First, know yourself and your dog. You must be healthy enough for the chosen activity. It is just as important to have a healthy, fit, and well-trained dog capable of hiking. This requires regular visits to your veterinarian for physical exams, appropriate vaccinations and parasite control (including flea, tick, heartworm and intestinal parasites). Training sessions help to build a strong parent-dog bond, understanding of commands and leash walking skills. Leash walking your dog is always advised to avoid injuries to them and others as well.
Before a trip, think about the trip requirements and risks to be encountered. Do your research and be prepared. Choose hikes at locations where dogs are allowed. Make sure your trips are an appropriate length and duration for your dog. Ideally, scout these places without your dog first to ensure an understanding of the environmental risks. Note the terrain, climate, plants and animals that you and your dog will have to navigate. The ten essentials are a must, and must also include items for your dog. This includes extra water and food, a bowl, first aid equipment and even clothing for cold weather. Before the trip, create an emergency plan including a list of local veterinary hospitals and their contact information. Emergency situations that require immediate care can include snake or insect bites, limping (fracture), lacerations (bleeding), overheating (heat exhaustion or stroke), and allergic reactions. Always play it safe. Besiders emergencies, think about your dogs’ comfort. Find local dog-friendly restaurants and hotels for meals and lodging if you plan extended trips.
While hiking, always have your dog on a leash!

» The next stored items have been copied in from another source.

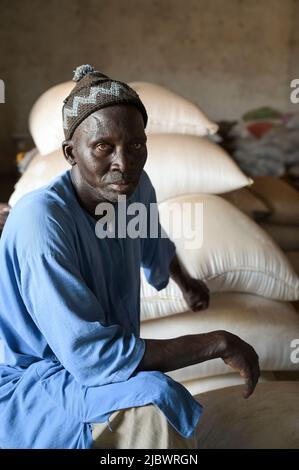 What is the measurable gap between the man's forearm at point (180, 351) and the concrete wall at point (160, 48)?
3023 millimetres

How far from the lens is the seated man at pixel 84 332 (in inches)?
36.0

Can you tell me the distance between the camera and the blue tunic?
0.91 meters

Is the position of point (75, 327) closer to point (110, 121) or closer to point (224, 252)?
point (110, 121)

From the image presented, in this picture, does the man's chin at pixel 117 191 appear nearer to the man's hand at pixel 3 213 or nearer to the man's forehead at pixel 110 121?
the man's forehead at pixel 110 121

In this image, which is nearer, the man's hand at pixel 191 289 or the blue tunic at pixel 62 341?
the blue tunic at pixel 62 341

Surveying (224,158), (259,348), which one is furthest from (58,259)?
(224,158)

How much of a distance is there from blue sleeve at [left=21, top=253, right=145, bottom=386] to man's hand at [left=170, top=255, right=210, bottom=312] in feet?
1.58

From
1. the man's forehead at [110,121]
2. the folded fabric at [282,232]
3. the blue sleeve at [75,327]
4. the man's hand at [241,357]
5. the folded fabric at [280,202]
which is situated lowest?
the folded fabric at [282,232]

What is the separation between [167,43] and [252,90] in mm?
612

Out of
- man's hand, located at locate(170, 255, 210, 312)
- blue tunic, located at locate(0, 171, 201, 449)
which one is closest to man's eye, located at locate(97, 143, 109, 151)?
blue tunic, located at locate(0, 171, 201, 449)

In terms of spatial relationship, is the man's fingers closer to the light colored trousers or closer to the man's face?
the light colored trousers

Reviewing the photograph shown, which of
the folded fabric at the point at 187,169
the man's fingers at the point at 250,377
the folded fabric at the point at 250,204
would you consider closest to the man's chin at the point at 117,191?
the man's fingers at the point at 250,377

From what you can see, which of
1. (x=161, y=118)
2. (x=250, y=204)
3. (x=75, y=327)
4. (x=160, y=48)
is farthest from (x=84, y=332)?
(x=160, y=48) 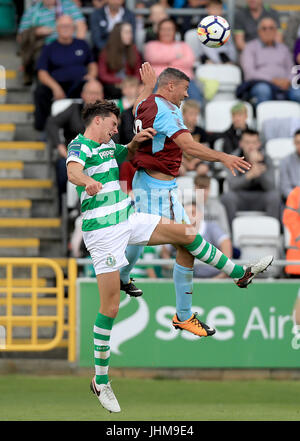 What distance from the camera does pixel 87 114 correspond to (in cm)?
949

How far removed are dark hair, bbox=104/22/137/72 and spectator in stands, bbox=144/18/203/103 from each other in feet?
0.96

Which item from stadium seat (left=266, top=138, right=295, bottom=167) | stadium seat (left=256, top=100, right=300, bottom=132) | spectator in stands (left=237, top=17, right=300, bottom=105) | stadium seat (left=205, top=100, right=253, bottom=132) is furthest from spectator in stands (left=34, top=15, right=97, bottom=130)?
stadium seat (left=266, top=138, right=295, bottom=167)

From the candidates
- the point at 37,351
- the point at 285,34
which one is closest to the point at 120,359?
the point at 37,351

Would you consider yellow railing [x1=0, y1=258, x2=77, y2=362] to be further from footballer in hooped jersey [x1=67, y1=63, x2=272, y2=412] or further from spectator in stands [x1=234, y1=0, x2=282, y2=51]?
spectator in stands [x1=234, y1=0, x2=282, y2=51]

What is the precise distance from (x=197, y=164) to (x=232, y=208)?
0.73m

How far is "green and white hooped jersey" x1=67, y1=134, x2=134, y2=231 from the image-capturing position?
9.38 m

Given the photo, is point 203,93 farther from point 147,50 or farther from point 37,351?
point 37,351

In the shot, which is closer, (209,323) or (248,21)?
(209,323)

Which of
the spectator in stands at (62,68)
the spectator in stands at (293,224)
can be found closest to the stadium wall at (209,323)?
the spectator in stands at (293,224)

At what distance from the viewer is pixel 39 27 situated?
50.2ft

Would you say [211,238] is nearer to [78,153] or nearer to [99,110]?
[99,110]

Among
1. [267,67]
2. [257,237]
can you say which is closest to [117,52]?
[267,67]

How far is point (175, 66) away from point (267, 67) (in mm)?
1502

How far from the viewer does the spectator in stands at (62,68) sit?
1480cm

I recommend a six foot leash and ideally a chest harness such as the Sporn ro Ruffwear harnesses for control. It is important to be aware of your surroundings at all times. Be a responsible dog hiker by staying on trails and sharing the trails with others. At narrow areas, pull to the side of the trail to allow others to pass. Also, follow the leave no trace principles and carry poop bags to pack out your dog’s stool. Make regular stops to allow for rest and water beaks. Remember, dogs don’t sweat through the skin, they pant to cool down. If you are hot and tired, chances are your dog is even hotter and equally tired. Avoid overheating and be prepared to soak your dog with water and rest in the shade.
Our dogs are our family. Having them with us strengthens our family bond and enriches all our lives. Keep exploring and enjoying the outdoors safely and responsibly.